Niedawno asortyment Zalando w Polsce został powiększony o kosmetyki. Czym zaskoczycie klientów w nowym roku?
Kategoria kosmetyków dopiero zadebiutowała na naszej platformie. W nowym roku będziemy ją sukcesywnie poszerzać. Nasze podejście do kategorii beauty jest takie samo jak do mody: szukamy potrzeb naszych klientów, odpowiednio lokalizujemy i dostosowujemy ofertę.
Zalando od początku istnienia oferuje kupującym darmową wysyłkę i zwrot towaru, niezależnie od kwoty wydanej w sklepie. Jakie inne prokonsumenckie działania podejmujecie?
Od samego początku jesteśmy w pełni skoncentrowani na kliencie. Oferujemy szeroki asortyment po to, aby każdy klient mógł znaleźć to, czego potrzebuje. Potwierdza to wprowadzenie asortymentu kosmetyków zarówno dla kobiet, jak i mężczyzn.
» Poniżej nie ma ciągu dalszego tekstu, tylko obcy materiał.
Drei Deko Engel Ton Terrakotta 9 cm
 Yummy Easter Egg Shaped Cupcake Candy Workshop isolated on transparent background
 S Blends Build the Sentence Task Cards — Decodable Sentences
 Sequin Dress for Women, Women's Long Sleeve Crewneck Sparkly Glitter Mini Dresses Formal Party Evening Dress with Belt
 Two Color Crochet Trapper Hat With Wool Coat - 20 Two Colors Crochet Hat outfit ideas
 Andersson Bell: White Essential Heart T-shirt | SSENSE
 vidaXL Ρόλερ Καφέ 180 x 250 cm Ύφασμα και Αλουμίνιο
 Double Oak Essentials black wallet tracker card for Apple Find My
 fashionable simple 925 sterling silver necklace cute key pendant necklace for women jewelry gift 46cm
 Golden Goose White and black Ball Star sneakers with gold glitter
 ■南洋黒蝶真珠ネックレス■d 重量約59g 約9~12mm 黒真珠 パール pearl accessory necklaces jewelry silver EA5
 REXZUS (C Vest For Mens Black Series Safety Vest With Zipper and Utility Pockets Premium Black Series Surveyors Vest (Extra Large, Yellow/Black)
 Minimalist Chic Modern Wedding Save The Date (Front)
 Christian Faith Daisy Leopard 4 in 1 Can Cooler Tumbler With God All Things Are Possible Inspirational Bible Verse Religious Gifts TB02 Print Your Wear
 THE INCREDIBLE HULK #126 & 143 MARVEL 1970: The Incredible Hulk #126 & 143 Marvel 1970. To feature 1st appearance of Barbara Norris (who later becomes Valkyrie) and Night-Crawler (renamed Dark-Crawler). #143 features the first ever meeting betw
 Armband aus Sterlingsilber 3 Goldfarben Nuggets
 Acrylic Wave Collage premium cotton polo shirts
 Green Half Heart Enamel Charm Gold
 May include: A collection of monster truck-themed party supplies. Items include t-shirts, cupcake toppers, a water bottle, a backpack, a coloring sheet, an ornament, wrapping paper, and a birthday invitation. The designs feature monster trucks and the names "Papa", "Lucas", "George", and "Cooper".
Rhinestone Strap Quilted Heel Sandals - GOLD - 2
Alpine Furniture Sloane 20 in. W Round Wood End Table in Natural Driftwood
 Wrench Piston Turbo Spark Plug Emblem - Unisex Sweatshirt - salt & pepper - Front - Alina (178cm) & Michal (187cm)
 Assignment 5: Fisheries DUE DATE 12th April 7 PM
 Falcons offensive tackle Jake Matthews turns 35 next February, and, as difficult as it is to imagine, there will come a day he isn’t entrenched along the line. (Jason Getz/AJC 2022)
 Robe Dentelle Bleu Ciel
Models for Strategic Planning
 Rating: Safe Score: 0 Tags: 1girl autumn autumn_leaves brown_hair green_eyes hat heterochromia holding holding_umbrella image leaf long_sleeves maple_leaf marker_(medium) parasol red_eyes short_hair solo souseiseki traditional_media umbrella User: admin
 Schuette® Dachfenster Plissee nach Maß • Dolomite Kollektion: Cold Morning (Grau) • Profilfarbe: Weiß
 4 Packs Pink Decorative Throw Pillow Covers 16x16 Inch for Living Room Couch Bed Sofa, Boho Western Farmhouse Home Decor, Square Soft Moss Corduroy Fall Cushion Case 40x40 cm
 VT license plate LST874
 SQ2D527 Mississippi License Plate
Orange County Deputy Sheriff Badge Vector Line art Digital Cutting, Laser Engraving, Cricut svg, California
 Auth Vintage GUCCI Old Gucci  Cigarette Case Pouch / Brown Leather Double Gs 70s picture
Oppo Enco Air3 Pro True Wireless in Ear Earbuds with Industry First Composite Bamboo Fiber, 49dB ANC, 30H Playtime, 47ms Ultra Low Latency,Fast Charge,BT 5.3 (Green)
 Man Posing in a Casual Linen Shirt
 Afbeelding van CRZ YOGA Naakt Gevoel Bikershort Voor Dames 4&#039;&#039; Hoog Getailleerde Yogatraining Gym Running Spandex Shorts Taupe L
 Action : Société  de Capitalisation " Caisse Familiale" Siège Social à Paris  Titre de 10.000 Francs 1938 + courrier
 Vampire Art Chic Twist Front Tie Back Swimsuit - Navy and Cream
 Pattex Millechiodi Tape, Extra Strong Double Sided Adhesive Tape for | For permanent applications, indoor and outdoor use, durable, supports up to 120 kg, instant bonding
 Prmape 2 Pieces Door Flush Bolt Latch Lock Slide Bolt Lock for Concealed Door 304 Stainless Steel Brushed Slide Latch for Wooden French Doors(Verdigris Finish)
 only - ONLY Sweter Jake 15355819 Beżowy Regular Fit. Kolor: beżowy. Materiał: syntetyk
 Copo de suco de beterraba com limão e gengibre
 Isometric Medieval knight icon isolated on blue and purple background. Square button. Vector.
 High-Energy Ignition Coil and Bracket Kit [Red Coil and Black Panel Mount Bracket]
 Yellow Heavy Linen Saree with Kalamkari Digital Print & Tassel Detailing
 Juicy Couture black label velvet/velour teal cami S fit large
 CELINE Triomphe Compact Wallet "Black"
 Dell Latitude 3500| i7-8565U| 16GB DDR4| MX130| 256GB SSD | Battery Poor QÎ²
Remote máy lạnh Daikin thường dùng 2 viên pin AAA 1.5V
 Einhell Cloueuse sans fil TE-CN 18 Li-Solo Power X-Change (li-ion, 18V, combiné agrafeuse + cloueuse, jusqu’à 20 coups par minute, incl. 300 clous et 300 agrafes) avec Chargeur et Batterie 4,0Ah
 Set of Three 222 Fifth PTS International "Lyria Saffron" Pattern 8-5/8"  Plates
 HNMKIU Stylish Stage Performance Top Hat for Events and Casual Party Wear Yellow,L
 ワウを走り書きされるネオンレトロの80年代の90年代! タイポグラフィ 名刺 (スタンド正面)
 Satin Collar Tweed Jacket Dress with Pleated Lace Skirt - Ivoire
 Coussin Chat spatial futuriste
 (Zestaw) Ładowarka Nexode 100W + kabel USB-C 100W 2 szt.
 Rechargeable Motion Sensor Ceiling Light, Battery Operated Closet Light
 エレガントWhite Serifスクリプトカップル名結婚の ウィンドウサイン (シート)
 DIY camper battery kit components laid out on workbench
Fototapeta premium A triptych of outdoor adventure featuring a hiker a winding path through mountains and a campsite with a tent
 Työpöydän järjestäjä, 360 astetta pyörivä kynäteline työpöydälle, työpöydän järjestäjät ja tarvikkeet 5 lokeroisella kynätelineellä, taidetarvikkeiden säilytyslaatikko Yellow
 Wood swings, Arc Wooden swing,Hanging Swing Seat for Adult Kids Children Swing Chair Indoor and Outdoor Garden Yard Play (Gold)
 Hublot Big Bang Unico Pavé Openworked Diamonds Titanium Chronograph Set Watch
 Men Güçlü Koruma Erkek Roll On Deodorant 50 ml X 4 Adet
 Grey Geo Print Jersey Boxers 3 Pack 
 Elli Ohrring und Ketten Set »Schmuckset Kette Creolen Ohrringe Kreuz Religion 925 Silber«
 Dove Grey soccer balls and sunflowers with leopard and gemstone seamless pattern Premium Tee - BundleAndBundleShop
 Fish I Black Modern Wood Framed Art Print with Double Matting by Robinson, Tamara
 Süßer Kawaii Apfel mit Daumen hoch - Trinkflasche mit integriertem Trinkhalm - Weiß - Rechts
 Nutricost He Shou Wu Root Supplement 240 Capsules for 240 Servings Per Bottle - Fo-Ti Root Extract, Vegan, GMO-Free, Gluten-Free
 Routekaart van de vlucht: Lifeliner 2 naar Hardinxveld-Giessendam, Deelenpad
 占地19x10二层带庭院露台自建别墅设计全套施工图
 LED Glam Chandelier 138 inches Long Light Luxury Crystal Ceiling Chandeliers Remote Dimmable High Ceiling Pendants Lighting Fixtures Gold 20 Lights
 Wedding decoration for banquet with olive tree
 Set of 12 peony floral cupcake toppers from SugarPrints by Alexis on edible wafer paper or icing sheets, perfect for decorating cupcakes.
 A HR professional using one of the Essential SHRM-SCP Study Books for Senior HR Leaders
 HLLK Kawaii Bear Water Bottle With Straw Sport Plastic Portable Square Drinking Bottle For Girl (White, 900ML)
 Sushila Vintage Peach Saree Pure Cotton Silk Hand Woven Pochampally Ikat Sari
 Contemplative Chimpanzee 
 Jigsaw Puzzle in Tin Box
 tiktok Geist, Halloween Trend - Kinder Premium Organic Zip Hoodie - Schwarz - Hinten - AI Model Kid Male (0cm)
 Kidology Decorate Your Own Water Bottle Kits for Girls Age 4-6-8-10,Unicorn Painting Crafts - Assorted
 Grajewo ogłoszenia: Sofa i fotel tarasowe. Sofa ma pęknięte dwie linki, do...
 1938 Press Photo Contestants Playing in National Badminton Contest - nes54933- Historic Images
Ponadto prowadzimy politykę bezpłatnych dostaw i zwrotów, a także oferujemy różne metody płatności dostosowane do danego kraju (w Polsce jest to np. płatność za pobraniem) czy dostawy do punktów odbioru w sieci sklepów Żabka. Nieustannie wprowadzamy również nowe oferty, takie jak chociażby Zalando Lounge. Ponadto konsekwentnie będziemy rozwijać narzędzia personalizacyjne na naszej platformie. Zamierzamy doskonalić mechanizm AFC (Algorithmic Fashion Companion) – autorski algorytm Zalando wykorzystujący uczenie maszynowe do dobierania spersonalizowanych stylizacji. Program, na podstawie propozycji strojów stworzonych przez stylistów oraz produktów z listy życzeń użytkowników i ich wcześniejszych preferencji zakupowych, wybiera artykuły pasujące do indywidualnego stylu każdego z naszych klientów. Aplikacja już teraz dostępna jest dla polskich konsumentów.
Beauty Station w Berlinie, koncepcja „See Now, Buy Now” i dostępny przez cały rok Fashion Store to różne projekty o wspólnym mianowniku - przejściu z online do offline. Czy można je traktować jako zapowiedź rozwoju np. sieci sklepów stacjonarnych Zalando?
Zalando Beauty jest ważnym kanałem bezpośredniego kontaktu z konsumentami, którzy cenią sobie piękno. Jako firma posiadająca dogłębną wiedzę i doświadczenie w branży online, nadal będziemy koncentrować nasze działania na tym obszarze. Niemniej chcemy zaoferować im namacalne doświadczenie zakupowe w inspirującym środowisku, a także wejście z nimi w interakcję poprzez naszą szeroką ofertę usług. Oferujemy starannie wyselekcjonowany asortyment kosmetyków, a przy wprowadzaniu na rynek konkretnych produktów możemy stworzyć np. specjalne warsztaty i szkolenia. Wszystko po to, aby klient mógł się uczyć i współpracować z ekspertami w dziedzinie urody. Dodatkowo poprzez rozpoczęcie działalności stacjonarnej będziemy mogli testować nasze rozwiązania cyfrowe w środowisku offline.